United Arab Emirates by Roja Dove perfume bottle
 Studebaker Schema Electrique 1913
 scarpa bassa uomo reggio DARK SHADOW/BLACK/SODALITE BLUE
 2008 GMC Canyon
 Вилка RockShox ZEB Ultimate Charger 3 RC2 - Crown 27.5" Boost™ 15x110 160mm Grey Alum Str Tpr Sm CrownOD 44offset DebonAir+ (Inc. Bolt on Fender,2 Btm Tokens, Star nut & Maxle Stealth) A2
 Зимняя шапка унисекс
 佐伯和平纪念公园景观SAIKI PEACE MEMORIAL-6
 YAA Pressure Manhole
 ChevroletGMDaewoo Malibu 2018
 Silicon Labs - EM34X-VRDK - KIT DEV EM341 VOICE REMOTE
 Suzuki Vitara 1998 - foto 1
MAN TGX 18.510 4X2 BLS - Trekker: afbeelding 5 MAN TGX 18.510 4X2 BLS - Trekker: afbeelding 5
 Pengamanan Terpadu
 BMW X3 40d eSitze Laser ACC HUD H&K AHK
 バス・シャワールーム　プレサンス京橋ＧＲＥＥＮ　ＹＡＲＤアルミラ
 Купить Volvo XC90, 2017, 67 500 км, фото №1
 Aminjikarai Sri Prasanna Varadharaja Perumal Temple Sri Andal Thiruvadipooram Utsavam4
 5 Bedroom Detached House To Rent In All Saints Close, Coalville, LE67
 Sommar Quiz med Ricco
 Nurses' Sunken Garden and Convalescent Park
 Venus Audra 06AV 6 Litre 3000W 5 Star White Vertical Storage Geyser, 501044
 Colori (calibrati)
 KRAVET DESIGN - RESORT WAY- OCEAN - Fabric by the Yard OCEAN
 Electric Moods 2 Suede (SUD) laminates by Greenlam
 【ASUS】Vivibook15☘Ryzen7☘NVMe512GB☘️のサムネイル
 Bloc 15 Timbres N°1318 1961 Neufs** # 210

## Problem to work on
Would you please set down the lines from the one with "KRAVET DESIGN - RESORT" to the end of the data above, exactly and without any other lines?

## Answer to the exercise
 KRAVET DESIGN - RESORT WAY- OCEAN - Fabric by the Yard OCEAN
 Electric Moods 2 Suede (SUD) laminates by Greenlam
 【ASUS】Vivibook15☘Ryzen7☘NVMe512GB☘️のサムネイル
 Bloc 15 Timbres N°1318 1961 Neufs** # 210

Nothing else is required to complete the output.